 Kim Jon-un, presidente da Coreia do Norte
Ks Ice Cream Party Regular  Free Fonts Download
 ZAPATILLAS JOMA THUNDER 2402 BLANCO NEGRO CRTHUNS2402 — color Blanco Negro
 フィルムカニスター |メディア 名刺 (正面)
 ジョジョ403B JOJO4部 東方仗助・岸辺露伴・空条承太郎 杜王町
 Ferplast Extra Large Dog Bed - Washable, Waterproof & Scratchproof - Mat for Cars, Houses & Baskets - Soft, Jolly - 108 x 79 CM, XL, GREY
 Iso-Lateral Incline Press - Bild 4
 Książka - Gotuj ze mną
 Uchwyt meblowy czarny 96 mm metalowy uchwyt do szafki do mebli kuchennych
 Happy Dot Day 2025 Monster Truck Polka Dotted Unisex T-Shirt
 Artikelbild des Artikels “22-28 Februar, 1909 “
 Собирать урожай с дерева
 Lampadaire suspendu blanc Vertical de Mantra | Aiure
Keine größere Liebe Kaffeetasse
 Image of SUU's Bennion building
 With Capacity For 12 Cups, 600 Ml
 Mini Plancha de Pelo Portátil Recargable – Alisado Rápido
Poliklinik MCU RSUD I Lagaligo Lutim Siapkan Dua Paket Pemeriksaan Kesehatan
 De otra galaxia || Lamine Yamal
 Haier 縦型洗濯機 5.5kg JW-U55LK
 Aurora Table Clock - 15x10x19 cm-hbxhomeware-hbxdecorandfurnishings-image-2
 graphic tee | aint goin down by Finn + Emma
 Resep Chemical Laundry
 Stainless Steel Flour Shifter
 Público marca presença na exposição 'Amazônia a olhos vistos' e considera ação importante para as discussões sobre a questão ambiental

### PROBLEM REQUIREMENTS
All of the data shown above must be copied exactly.

### EXERCISE RESULT
 Kim Jon-un, presidente da Coreia do Norte
Ks Ice Cream Party Regular  Free Fonts Download
 ZAPATILLAS JOMA THUNDER 2402 BLANCO NEGRO CRTHUNS2402 — color Blanco Negro
 フィルムカニスター |メディア 名刺 (正面)
 ジョジョ403B JOJO4部 東方仗助・岸辺露伴・空条承太郎 杜王町
 Ferplast Extra Large Dog Bed - Washable, Waterproof & Scratchproof - Mat for Cars, Houses & Baskets - Soft, Jolly - 108 x 79 CM, XL, GREY
 Iso-Lateral Incline Press - Bild 4
 Książka - Gotuj ze mną
 Uchwyt meblowy czarny 96 mm metalowy uchwyt do szafki do mebli kuchennych
 Happy Dot Day 2025 Monster Truck Polka Dotted Unisex T-Shirt
 Artikelbild des Artikels “22-28 Februar, 1909 “
 Собирать урожай с дерева
 Lampadaire suspendu blanc Vertical de Mantra | Aiure
Keine größere Liebe Kaffeetasse
 Image of SUU's Bennion building
 With Capacity For 12 Cups, 600 Ml
 Mini Plancha de Pelo Portátil Recargable – Alisado Rápido
Poliklinik MCU RSUD I Lagaligo Lutim Siapkan Dua Paket Pemeriksaan Kesehatan
 De otra galaxia || Lamine Yamal
 Haier 縦型洗濯機 5.5kg JW-U55LK
 Aurora Table Clock - 15x10x19 cm-hbxhomeware-hbxdecorandfurnishings-image-2
 graphic tee | aint goin down by Finn + Emma
 Resep Chemical Laundry
 Stainless Steel Flour Shifter
 Público marca presença na exposição 'Amazônia a olhos vistos' e considera ação importante para as discussões sobre a questão ambiental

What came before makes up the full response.